• _What you will do_
The data below should be copied out exactly, with its pictures omitted.

• _Dataset excerpt_
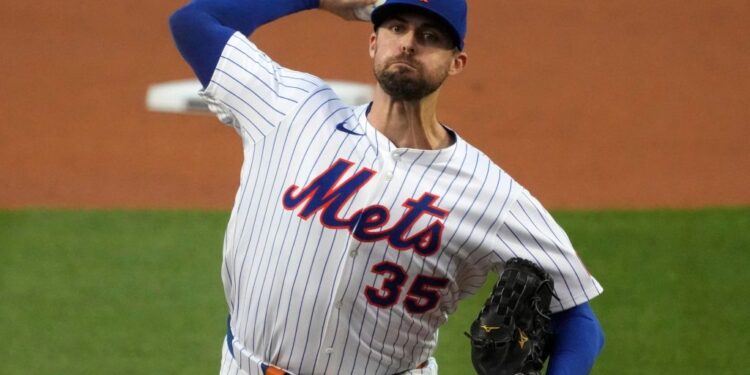 New York Mets pitcher throwing a baseball.
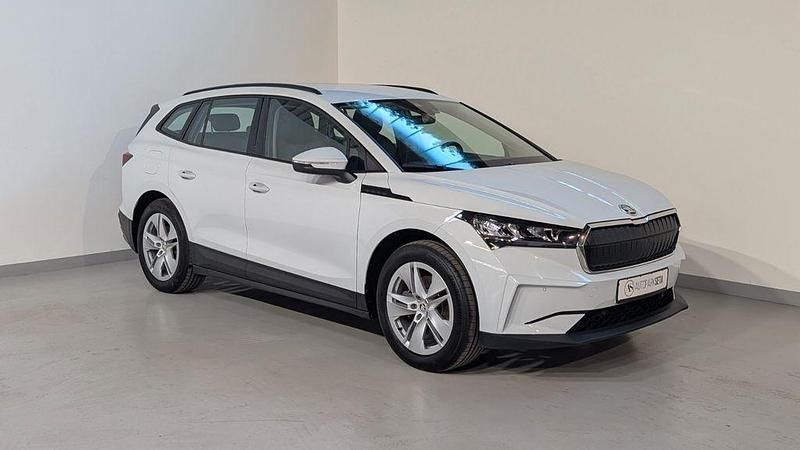 Gebraucht Skoda Enyaq iV Loft 131 kW (179 PS) 2022 Weiß SUV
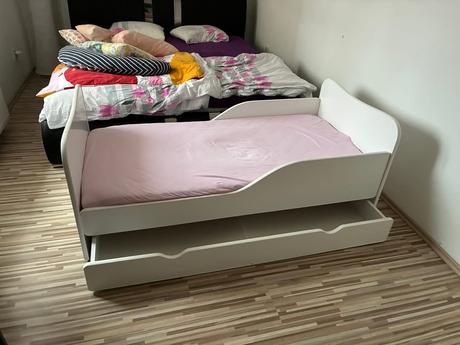 Predam detsku postel, šírka (cm): 70,dĺžka (cm): 120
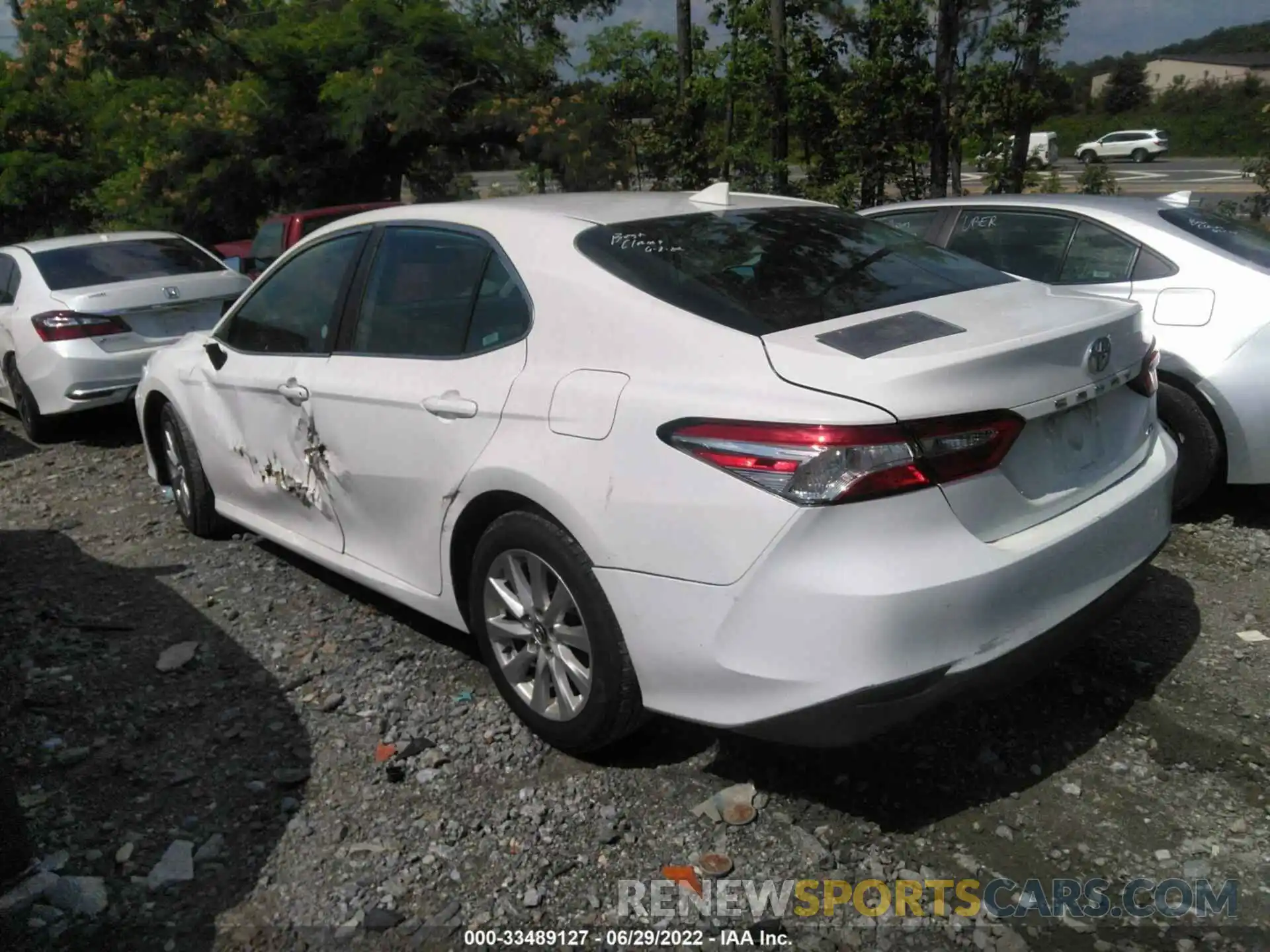 3 Photograph of a damaged car 4T1C11AK7LU928199 TOYOTA CAMRY 2020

• _Solution_
 New York Mets pitcher throwing a baseball.
 Gebraucht Skoda Enyaq iV Loft 131 kW (179 PS) 2022 Weiß SUV
 Predam detsku postel, šírka (cm): 70,dĺžka (cm): 120
 3 Photograph of a damaged car 4T1C11AK7LU928199 TOYOTA CAMRY 2020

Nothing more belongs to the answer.